I genitori si sono detti esasperati anche per il fatto che intercettazioni o frammenti di conversazioni private vengano divulgati sui media, con danni di immagine per la famiglia. “Non ce la facciamo più … questa accusa è una grandissima cavolata” ha dichiarato la madre.
Sebbene la versione dei genitori possa sembrare – sotto molti profili – plausibile, ci sono aspetti che gli inquirenti intendono approfondire. Ecco le principali criticità:
Il fatto che l’appunto menzioni “20-30 euro” (o “20-30.000 euro”, nei vari articoli si suggerisce che si tratti di migliaia) e il riferimento a “Venditti/gip archivia” è un indizio che per gli inquirenti merita accertamenti.
Gli investigatori sottolineano che i prelievi in contanti e le operazioni con assegni della famiglia Sempio e dei parenti risultano inconsueti rispetto alla storia finanziaria nota.
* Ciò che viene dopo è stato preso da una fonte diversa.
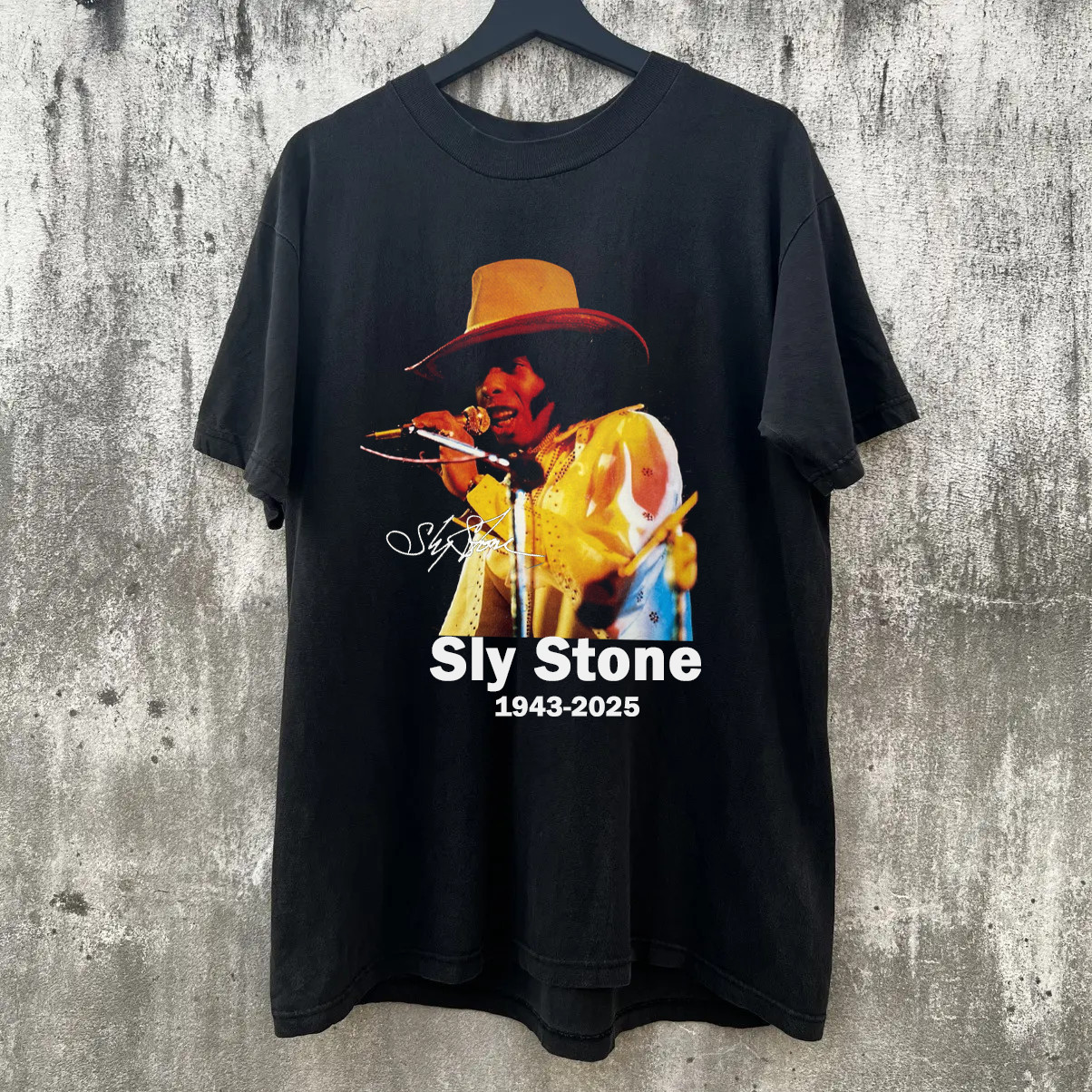 RIP Sly Stone 1943-2025 Legend Music T Shirt Black Full Size AR1350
Nella memoria della Procura di Brescia è segnalato che alcune intercettazioni “rilevanti” non sarebbero state trascritte nel corso dell’indagine del 2017; ciò solleva dubbi su selezioni o omissioni.
L’appunto con grafia attribuita al padre risulta datato “febbraio 2016”, mentre l’archiviazione dell’indagine avvenne nel 2017: gli inquirenti ipotizzano un errore o un appunto “anticipato”, ma questo disallineamento è un punto che va chiarito.
Al momento, l’indagine è contro Venditti per corruzione in atti giudiziari, ma non è provato che quei contanti, qualora effettivamente spostati, siano arrivati effettivamente nelle sue mani.
In sintesi, gli inquirenti vogliono scrutinare interlocuzioni (anche intercettazioni), flussi finanziari, documentazioni contabili, verifiche calligrafiche sull’appunto sequestrato, e chiarire dove siano finiti eventuali fondi.
Se l’accusa di corruzione in atti giudiziari venisse confermata, Venditti si troverebbe ad affrontare conseguenze penali gravi: corruzione tra magistrati è reato di particolare allarme sociale. Tuttavia, per sostenere l’accusa, è necessario dimostrare la connessione nominale, concreta e materiale tra il versamento (o la promessa) del denaro e l’atto (l’archiviazione) favorito.
La difesa di Sempio punta a far emergere che i contanti non erano destinati a Venditti, ma erano impiegati per spese legali, marche da bollo, documenti, i tradizionali costi collaterali di un procedimento. Se si riuscisse a dimostrare una “causa lecita” per quegli importi, ciò avrebbe un impatto forte sulle accuse.
È probabile che emergano richieste di perizie calligrafiche, accertamenti bancari più estesi, interrogatori supplementari, e forse richieste di audizioni di figure dell’epoca. Anche le omissioni o buchi nelle trascrizioni delle intercettazioni delle prime indagini del 2017 saranno un nodo centrale nella contesa giudiziaria.